Bastnaésite : fluorocarbonate, (TR)FCO3, à forte teneur en terres cériques et, relativement, en europium. Exploitée en Chine (sous-produit d’une mine de fer, à Bayan Obo, Mongolie
Intérieure) et aux États-Unis (Mountain Pass, dans le comté de San Bernardino, en Californie, par la société Molycorp). Aux États-Unis, le minerai de 7 à 10 % de teneur initiale est enrichi à
environ 60 %, par flottation.
Le gisement de terres rares de Bayan Obo dont le minerai est traité à Baotou, est le plus important au monde : ses réserves sont de 600
millions de t de minerai contenant 34 % de fer, 5 % d’oxydes de terres rares et 0,032 % d’oxyde de thorium. 2 mines contenant des terres rares sont exploitées à ciel ouvert. La production
d’acier est 4,9 millions de t/an avec une production annuelle de concentré de terres rares de 100 000 t/an contenant de 49 à 59 % d’oxydes de terres rares.
Autres minerais :
Xénotime : orthophosphate de terres yttriques,
renferme des teneurs d’environ 55 % d’oxydes de terres rares. C’est un sous-produit du traitement de la cassitérite (minerai d’étain) exploitée en Malaisie.

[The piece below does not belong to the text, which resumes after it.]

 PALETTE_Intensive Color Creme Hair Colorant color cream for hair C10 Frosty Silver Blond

Loparite : niobiotitanate de terres rares présent
en Russie, dans la péninsule de Kola. Les concentrés obtenus titrent environ 32 % de terres rares, surtout cériques.
Minerais phosphatés : l’apatite de Kola, en
Russie, renferme de l’ordre de 1 % de terres rares qui sont récupérées lors de la transformation de cette apatite en engrais phosphaté.

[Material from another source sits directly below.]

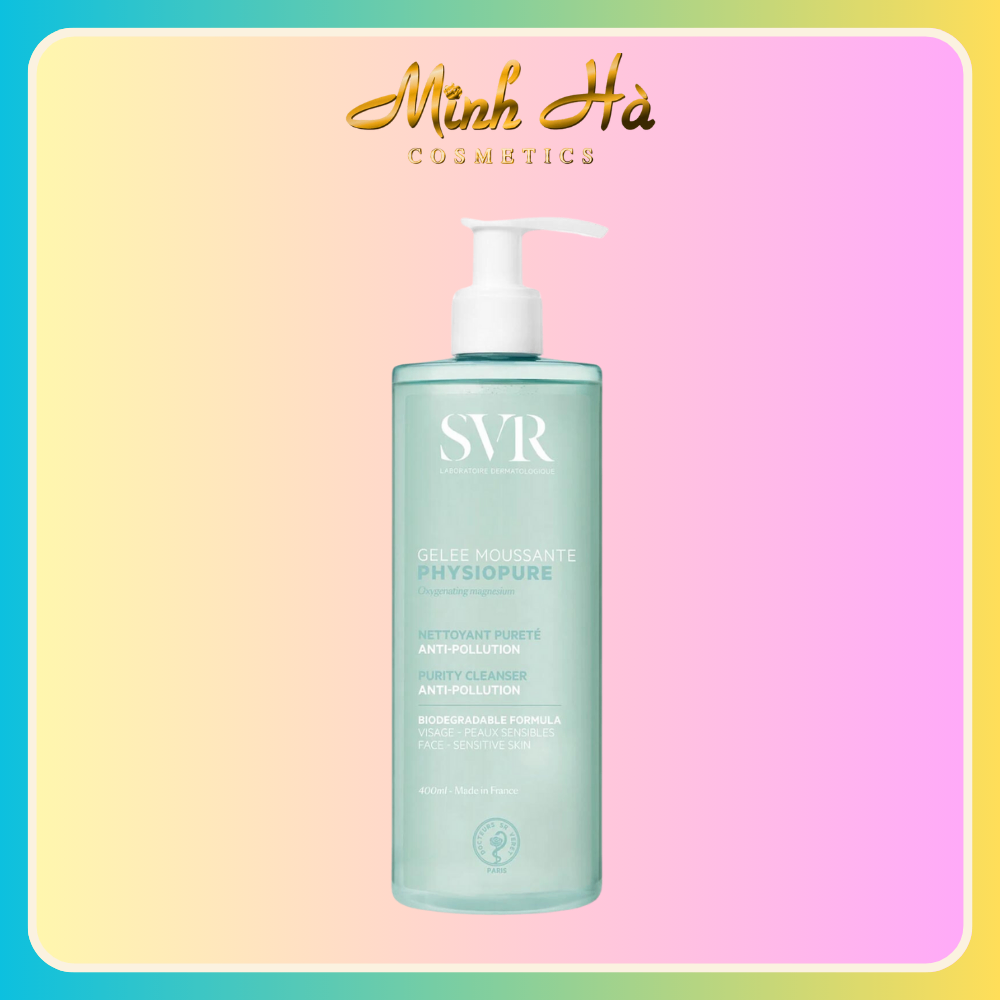 Gel rửa mặt SVR Sebiaclear + Physiopure Gelee + Topialyse Lavant 400ml giúp làm sạch sâu, kiểm soát dầu và ngăn mụn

Argiles : appelées minerais ioniques, certaines
argiles exploitées dans le Sud-Est de la Chine (Xunwu, Longnam) renferment environ 0,2 % d’oxydes de terres rares sous forme d’ions adsorbés qui sont récupérés par lixiviation à l’aide de
solutions salines. Elles renferment très peu de cérium, des teneurs élevées en europium et des teneurs très variables en yttrium.